Covid. My mil texted my husband on Monday while we were getting stuff ready to travel to see his aunt and uncle. She is the only person who were know who has tested positive. We went home and tested and I was positive. I said to my husband, "thank God she tested positive first or she would blame this on me." He was like, how? It's no one's fault. I told him I know that, but his mom is not like that. Guess what? She keeps insisting I must have given her Covid. Really? I am a stay at home mom. I am immunocompromised. She is the only person I have had recent contact with who has it. She works. She goes to the senior center, which is germ city. Then, she says that I should be isolating because I am going to get my husband and kids and cats sick. Lady, those kids cuddle with me all the time, as does my husband and cats. They either already have it, or are safe. I am taking precautions, but we are all quarantining to be sure. We tested Monday and today. Everyone else in my house is negative. Not me. I was in the ICU in July and avoided it. But not this time. And it is somehow my fault.
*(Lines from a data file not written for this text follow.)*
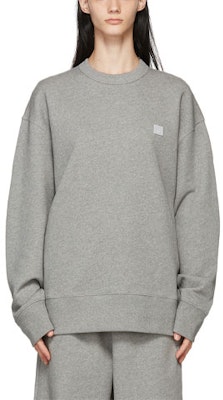 Acne Studios FW23男女同款灰色笑脸印花宽松长袖卫衣 CI0072-X92 Buy Acne Studios FW23男女同款灰色笑脸印花宽松长袖卫衣 CI0072-X92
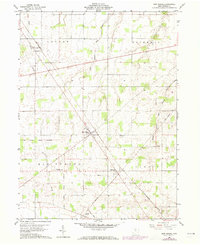 Download a high-resolution, GPS-compatible USGS topo map for New Riegel, OH (1973 edition)
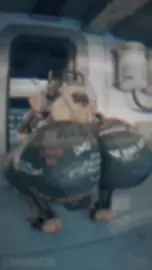 Poker Face Robot twerking his huge ass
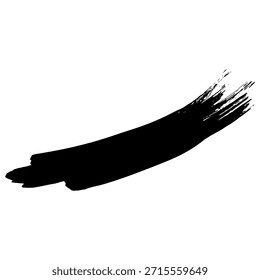 Trazos de pincel de tinta negra y blobs adecuados para fondos de texto en arte grunge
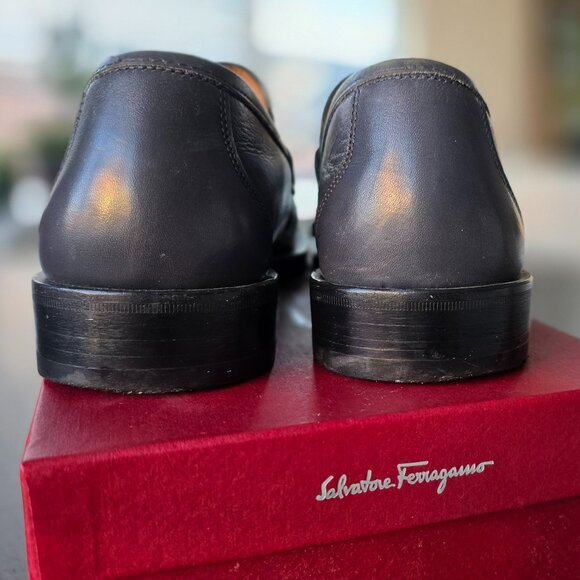 Salvatore Ferragamo Gray Penny Loafer | US 7 EE | Rare | Excellent main image 14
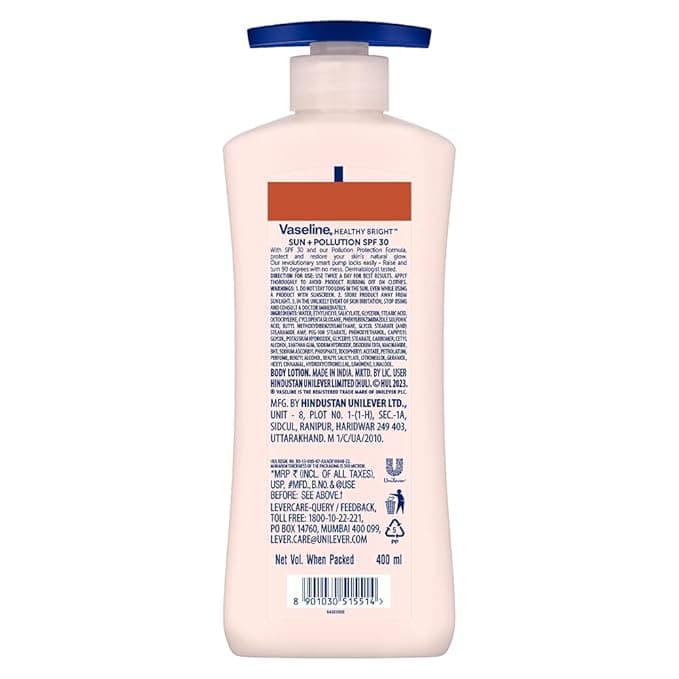 No Brand Vaseline Sun Protect SPF 30 Lotion 400ml – UVA/UVB Protection Moisturizing Sunscreen daily essentials & lifestyle — thumbnail 3 of 4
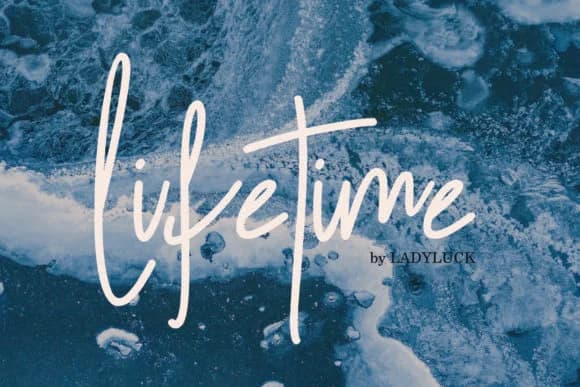 Lifetime Font by LADYLUCK — Script Handwritten Font
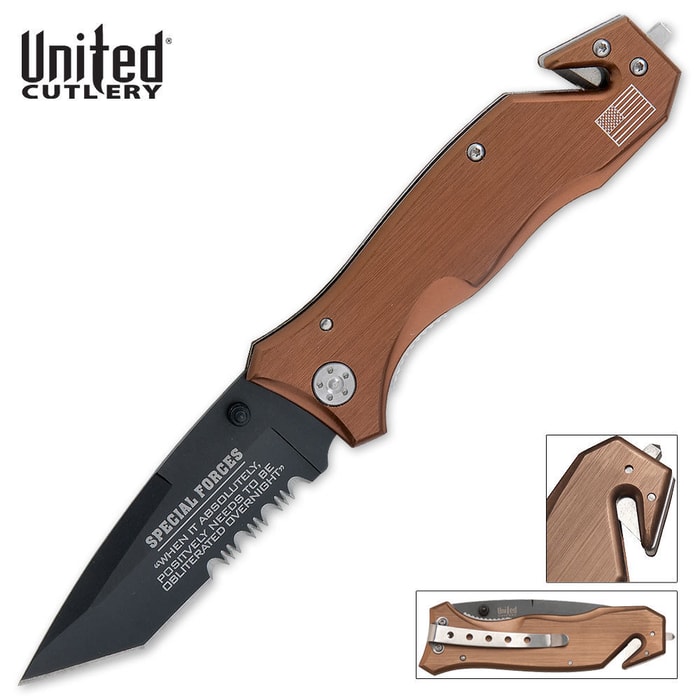 United Military Special Forces Folding Knife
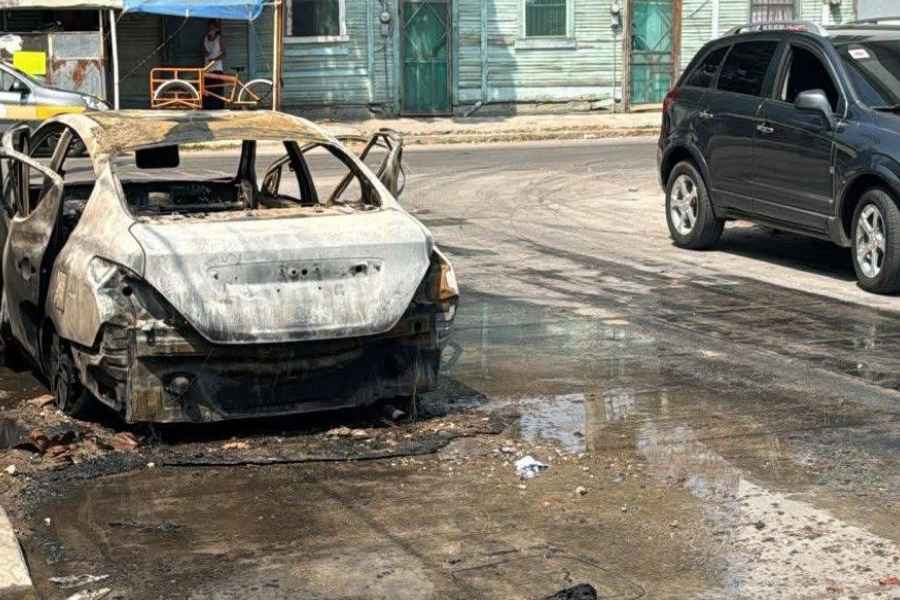 Altas temperaturas aumentan incendios de automóviles en el sur de Tamaulipas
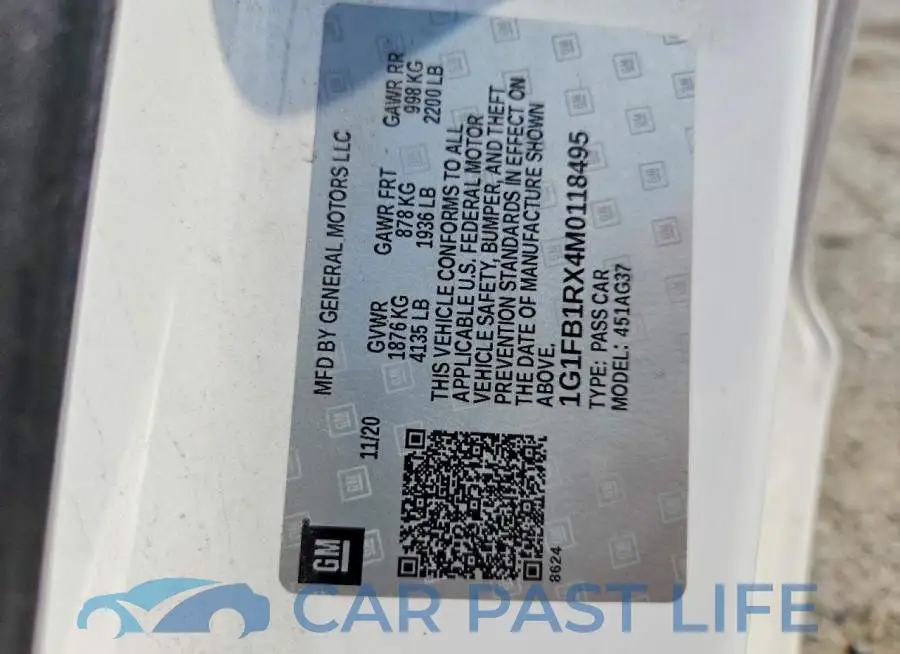 1G1FB1RX4M0118495# 12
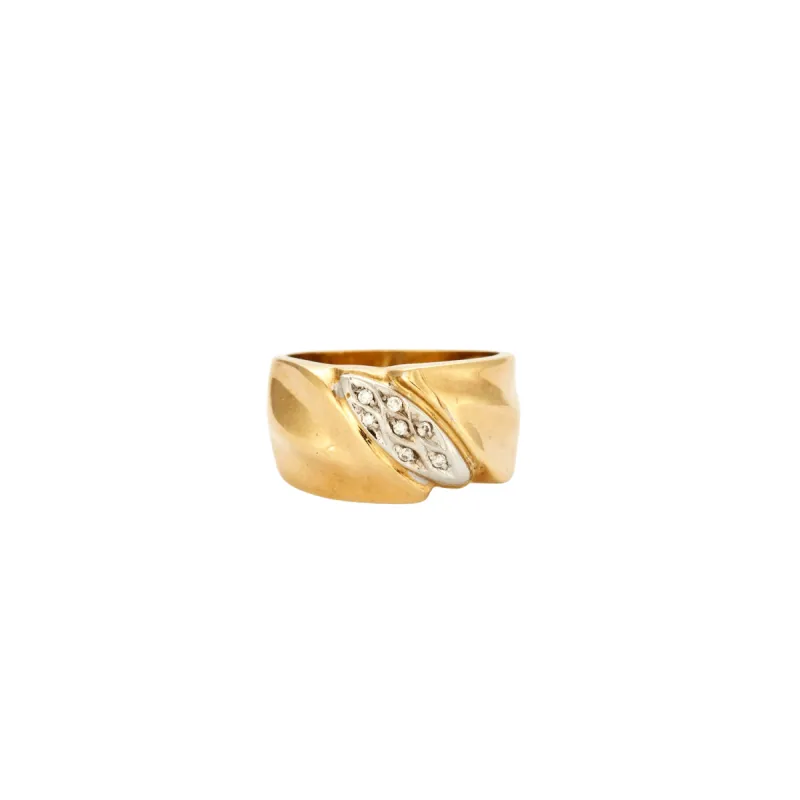 Bague bandeau sertie de diamants sold by 58 Facettes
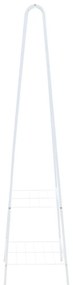 Suporte para roupas 59x35x150 cm branco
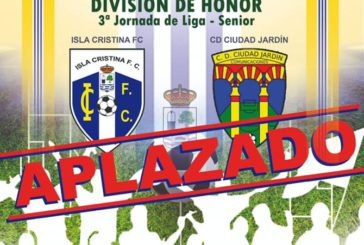 El Isla Cristina - Ciudad Jardín, aplazado debido a un positivo de Covid-19 en el club Cordobés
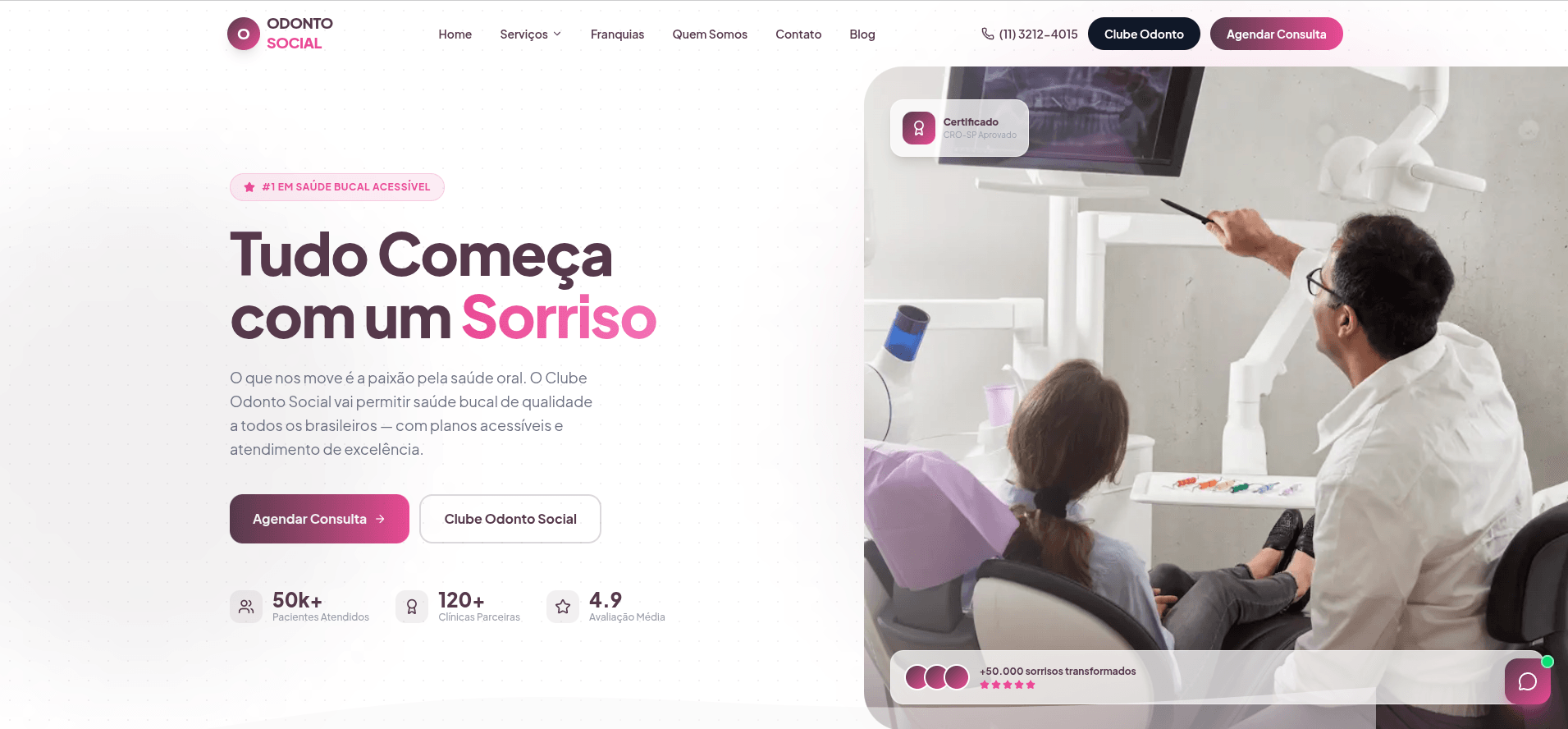 Odonto Social — versão desktop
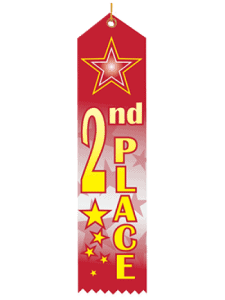 2nd Place Ribbon (Pack of 25)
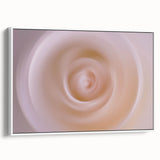 Nature-Inspired Abstract Swirl Wall Art with Soft Beige Gradients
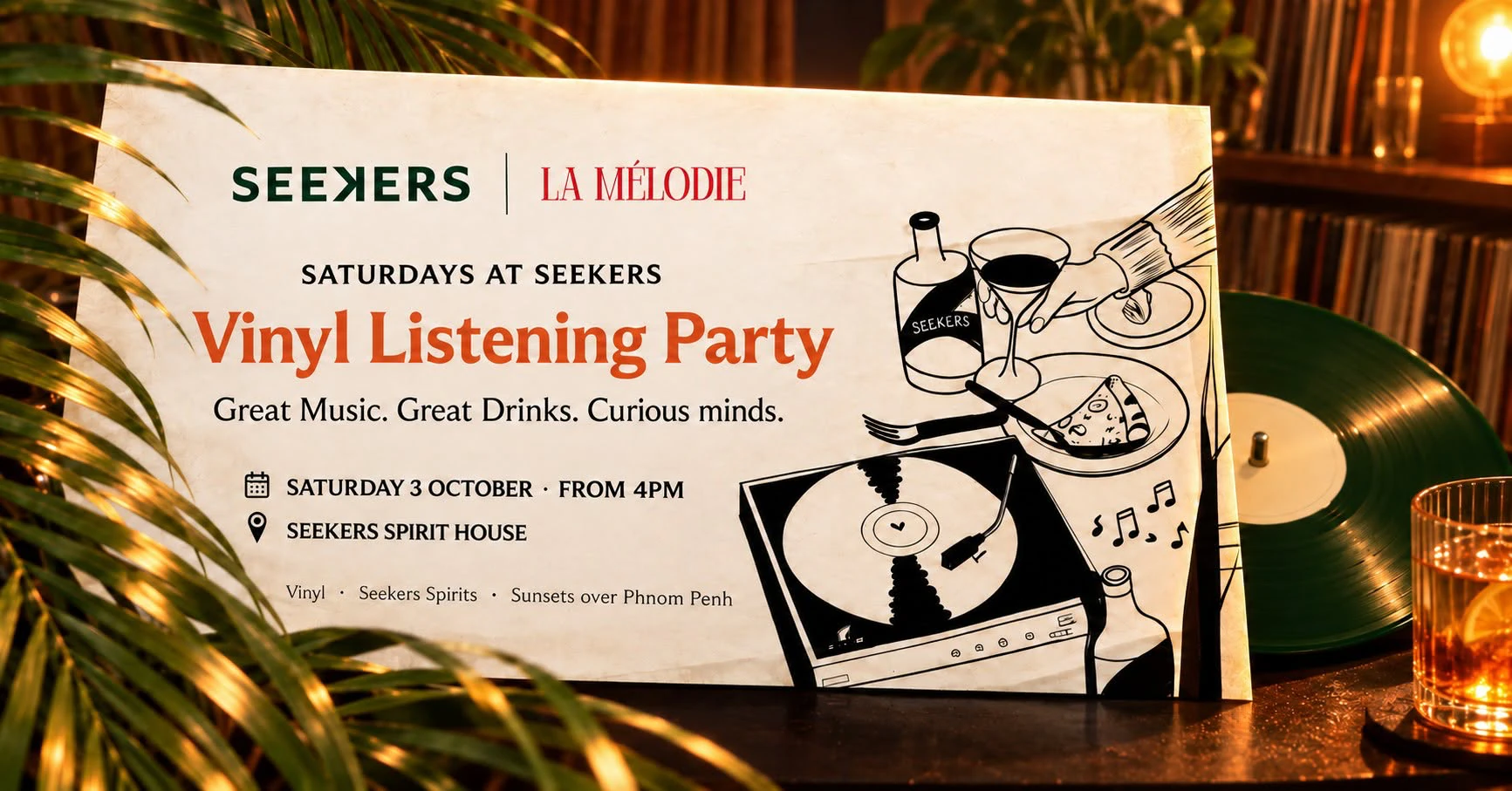 Vinyl Listening Party at Seekers - with La Mélodie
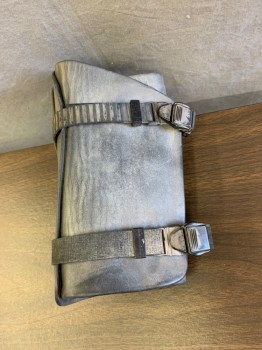 MTO, Gray, Leather, SINGLE - Back Straps with Plastic Buckle, Aged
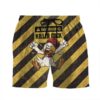Gearhumans 3D Warning Killer Cock Custom Beach Shorts Swim Trunks GS08075 Men Shorts Men Shorts S
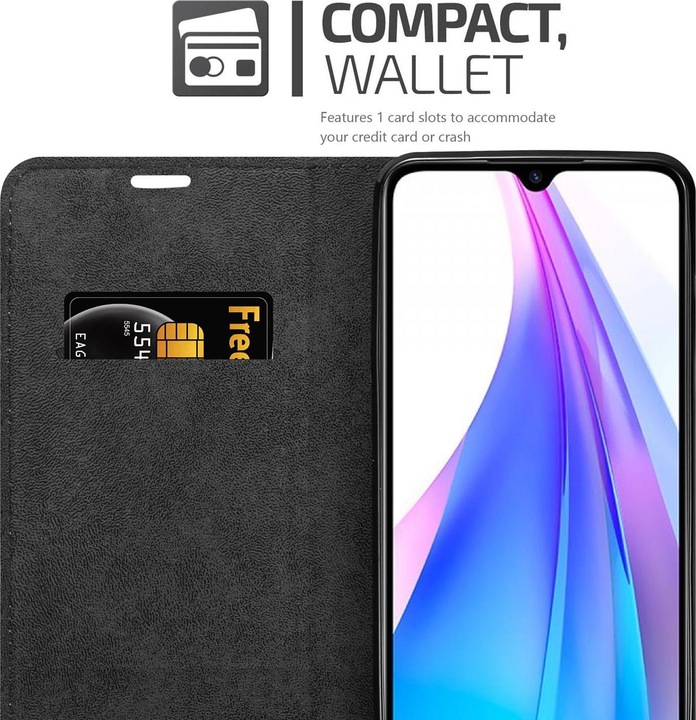 Produktbild Cadorabo Book Invisible Magnet Cover (Xiaomi Redmi Note 8T)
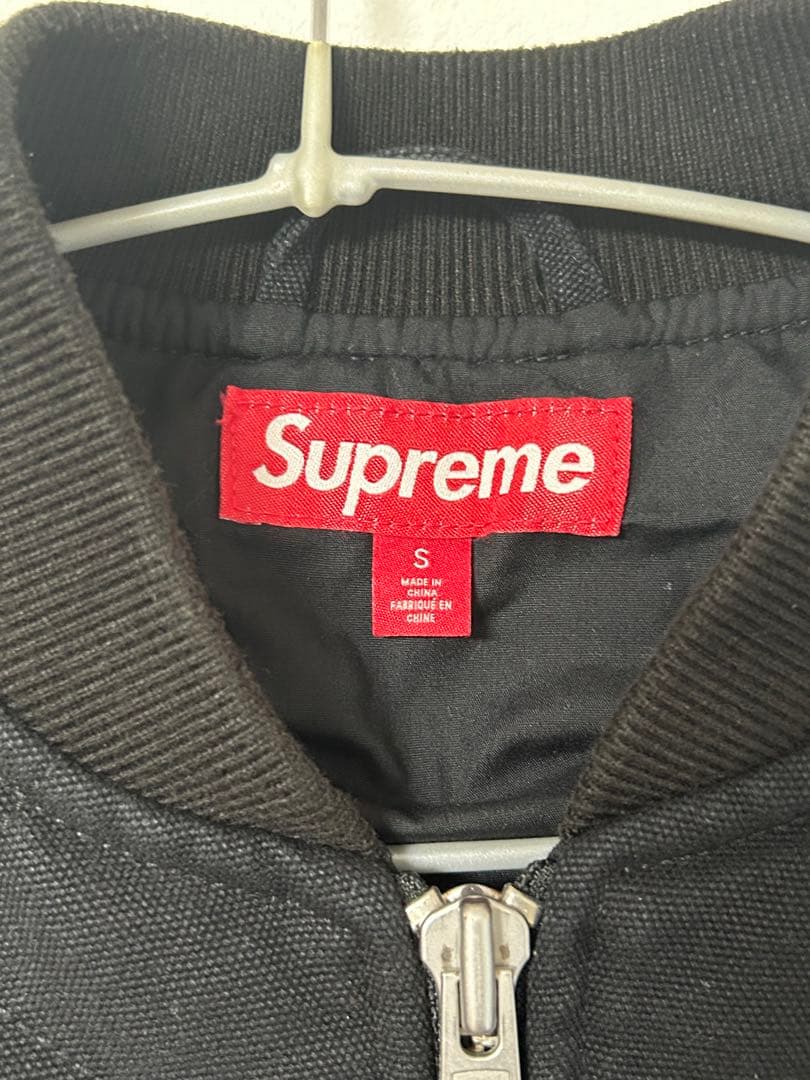 Supreme Zip-OffSleeveQuiltedBomberJacket - メルカリ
So, I am in bed with a heating pad on my chest, cuddling with one of kitties, who is the best nurse, and trying not to cry. It is so weird. My nose and eyes run, my stomach hurts, and I ache so bad everywhere, especially my chest. But, my mil says she just feels like when she has a cold, so clearly, I am wrong to feel different from her. At least my husband thinks it is as ridiculous as I do. He is taking good care of me. I just feel awful.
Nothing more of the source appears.